Halkların Demokratik Partisi (HDP) Göçmen ve Mülteciler Komisyonu Edirne'nin İpsala ilçesi Paşaköy Köyü Mandakoru mevkiinde Yunanistan’a geçmeye çalışan ve geçişlerine izin verilmeyen çok sayıda mültecinin yaşamını yitirmesine ilişkin yazılı açıklama yayınladı. HDP Göçmen ve Mülteciler Komisyonu Eş Sözcüleri Gülsüm Ağaoğlu ve Veli Saçılık imzasıyla yapılan açıklamada Geri Gönderme Merkezlerinde tutulan göçmenlerin Avrupa Birliği’ne baskı uygulamak için Yunanistan sınırını geçmeye zorlandıkları belirtildi.

’Kıyafetleri çıkarılarak Türkiye sınırına bırakılıyorlar’

Türkiye’nin sınıra bıraktığı göçmenlere Yunanistan kolluk güçlerince işkence yapıldığı ve özellikle soğuk hava koşullarında kıyafetleri çıkartılarak Türkiye sınırına bırakıldıklarına dikkat çekilen açıklamada, “1 Şubat’ta Yunanistan kolluk güçleri tarafından kıyafetleri alınarak Türkiye sınırına bırakılan 22 göçmenden 19’u donarak yaşamını yitirmiş ve geriye ağır kış koşullarında çırılçıplak kalmış ölü bedenlerin fotoğrafları kalmıştır. İnsan Hakları Bildirgesinin 1. maddesi olan yaşam hakkı, iki devlet sınırında göz göre göre bir kez daha ihlal edilmiştir” denildi. 

‘Türkiye ve Yunanistan insan dışı uygulamalara son versin’

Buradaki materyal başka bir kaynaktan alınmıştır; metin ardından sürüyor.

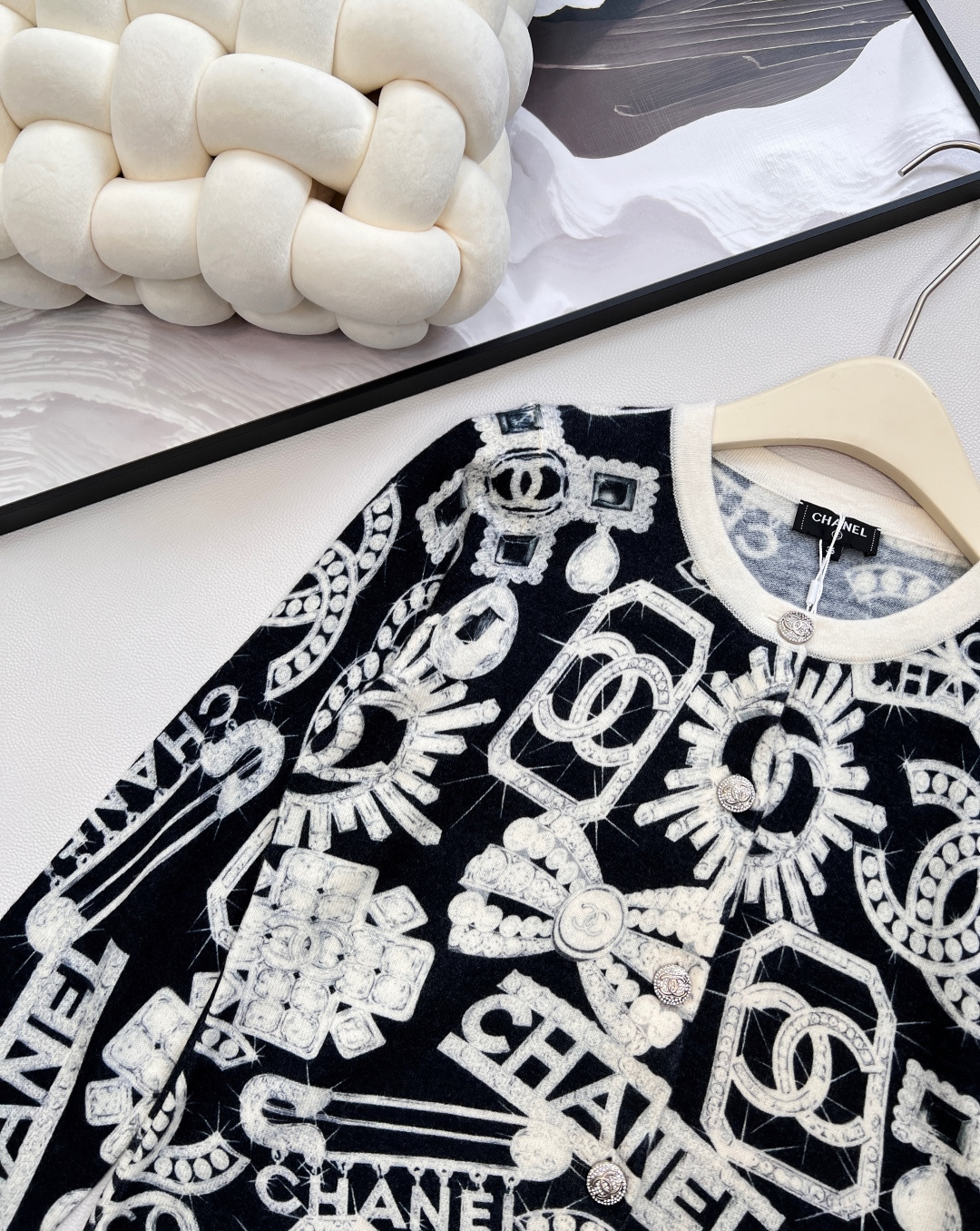 🆕CHANEL新款钻石珠宝印花羊绒针织开衫，太绝啦！经典黑底搭配满幅精致的钻石珠宝印花，🌟 精选细腻羊绒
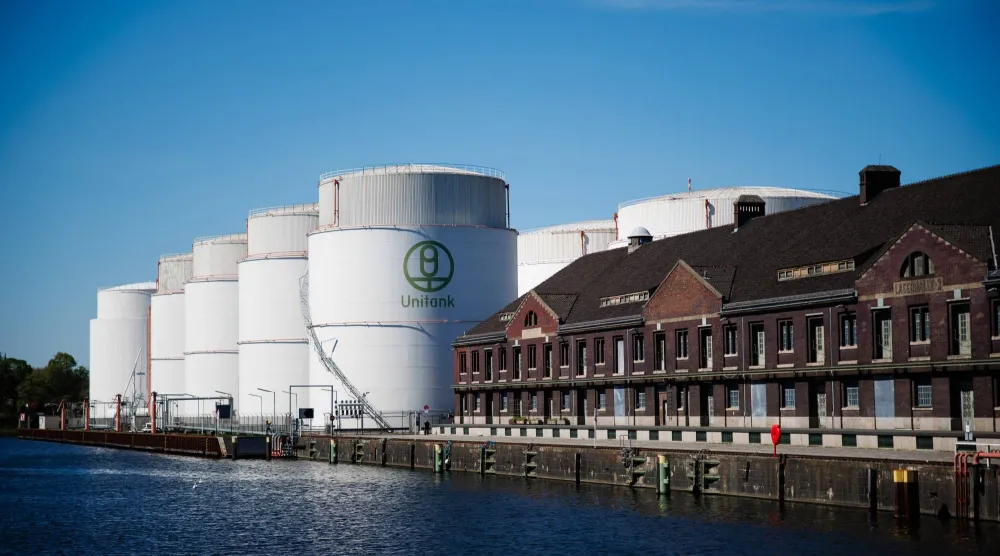 مرافق تخزين النفط التابعة لشركة «يونيتانك» الألمانية للخدمات اللوجستية للنفط (إ.ب.أ)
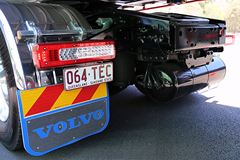 沃尔沃 新FH16重卡 600马力 6X4 牵引车(澳大利亚版三节全挂车)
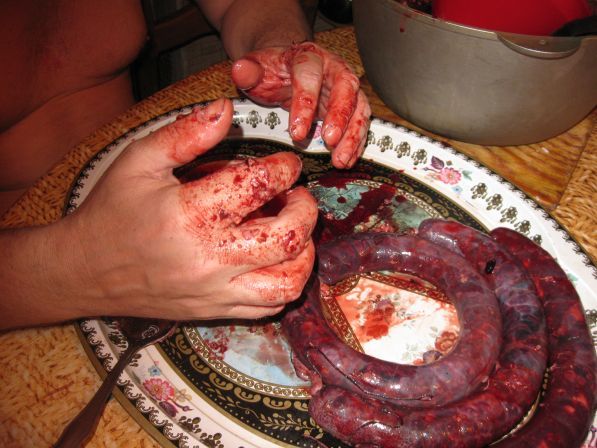 Как это работает. Процесс приготовления эстонской кровяной колбасы.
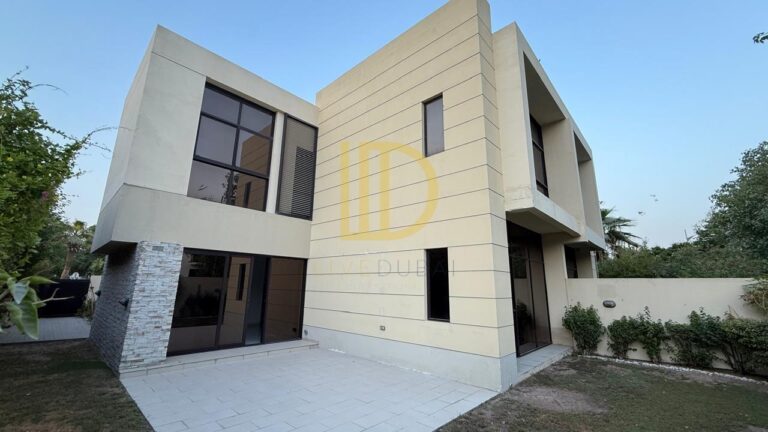 Large Plot – Spacious – Close to Park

Yaklaşık 1 yıldır her hafta 200 ila 300 mültecinin Yunanistan sınırına Türkiye kolluk güçleri tarafından bırakıldıkları ve sınırı geçmeye zorlandıklarına dikkat çekilen açıklamada, “ Yunanistan kolluk güçlerinin ise göçmenlere işkence ve kötü muamele yaparak geri Türkiye sınırına bıraktığını onlarca tanığın anlatımlarından biliyoruz. Türkiye ve Yunanistan’ın ilgili kurumları bu insanlık dışı uygulamaya son vermek, uluslararası sözleşmelerden doğan yükümlükleri yerine getirmek ve başta can güvenliği olmak üzere insan haklarına riayet etmek zorundadır. Ayrıca Avrupa Birliği ve Birleşmiş Milletlerin, sessiz kaldıkları ve bu uygulamaları teşvik ettikleri için göçmen ölümlerinde siyasi sorumluluğu olduğunu da tekrar vurguluyoruz” ifadeleri yer aldı. 

‘Müsebbibi savaşı halklara fatura eden zihniyettir’

AKP-MHP’nin uyguladığı savaş politikalarının her geçen gün insanları yerinden yurdundan ettiği ve kitlesel göçlere neden olduğu ifade edilen açıklamanın devamında şöyle denildi: “Savaşın maliyeti Türkiye halklarına fatura edilirken toplumsal gerginlik her geçen gün artıyor. Türkiye halkları mutlak yoksullaşıyor, göçmenler statüsüz kölelik koşullarında yaşamak zorunda bırakılıyor ve hatta ölüme terk ediliyor. İran-Türkiye sınırında donarak ölen göçmenlerin ve İdlib’de çadır kentte donarak ölen bebeklerin müsebbibi  ‘”. BM güvencesi altındaki Mexmûr Mülteci Kampının uçaklarla bombalanması da yine aynı zihniyetin ürünüdür. 

Başta Türkiye ve Yunanistan olmak üzere tüm ilgili bölge ülkelerini ve uluslararası kurumları ölümlere yol açan politikalarını geri çekmeye ve Yunanistan sınırında yaşanan ölümleri durdurmaya çağırıyoruz.”